Problem description
The whole listing is to be reproduced exactly as given.

Available records
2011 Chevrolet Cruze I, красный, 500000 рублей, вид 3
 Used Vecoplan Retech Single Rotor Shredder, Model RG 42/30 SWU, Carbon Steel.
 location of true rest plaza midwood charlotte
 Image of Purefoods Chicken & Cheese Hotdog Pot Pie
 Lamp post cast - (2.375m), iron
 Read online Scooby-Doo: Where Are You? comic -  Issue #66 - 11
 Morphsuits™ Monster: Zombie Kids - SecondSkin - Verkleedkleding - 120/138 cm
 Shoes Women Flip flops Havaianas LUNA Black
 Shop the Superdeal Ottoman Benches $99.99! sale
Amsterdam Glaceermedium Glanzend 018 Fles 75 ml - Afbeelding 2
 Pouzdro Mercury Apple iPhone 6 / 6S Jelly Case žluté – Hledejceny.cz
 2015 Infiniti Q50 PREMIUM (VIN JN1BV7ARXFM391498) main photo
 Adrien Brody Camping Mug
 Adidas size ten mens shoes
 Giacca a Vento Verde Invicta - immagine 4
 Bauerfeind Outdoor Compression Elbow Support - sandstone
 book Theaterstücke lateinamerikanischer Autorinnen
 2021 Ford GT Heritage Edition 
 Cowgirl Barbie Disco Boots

The completed task
2011 Chevrolet Cruze I, красный, 500000 рублей, вид 3
 Used Vecoplan Retech Single Rotor Shredder, Model RG 42/30 SWU, Carbon Steel.
 location of true rest plaza midwood charlotte
 Image of Purefoods Chicken & Cheese Hotdog Pot Pie
 Lamp post cast - (2.375m), iron
 Read online Scooby-Doo: Where Are You? comic -  Issue #66 - 11
 Morphsuits™ Monster: Zombie Kids - SecondSkin - Verkleedkleding - 120/138 cm
 Shoes Women Flip flops Havaianas LUNA Black
 Shop the Superdeal Ottoman Benches $99.99! sale
Amsterdam Glaceermedium Glanzend 018 Fles 75 ml - Afbeelding 2
 Pouzdro Mercury Apple iPhone 6 / 6S Jelly Case žluté – Hledejceny.cz
 2015 Infiniti Q50 PREMIUM (VIN JN1BV7ARXFM391498) main photo
 Adrien Brody Camping Mug
 Adidas size ten mens shoes
 Giacca a Vento Verde Invicta - immagine 4
 Bauerfeind Outdoor Compression Elbow Support - sandstone
 book Theaterstücke lateinamerikanischer Autorinnen
 2021 Ford GT Heritage Edition 
 Cowgirl Barbie Disco Boots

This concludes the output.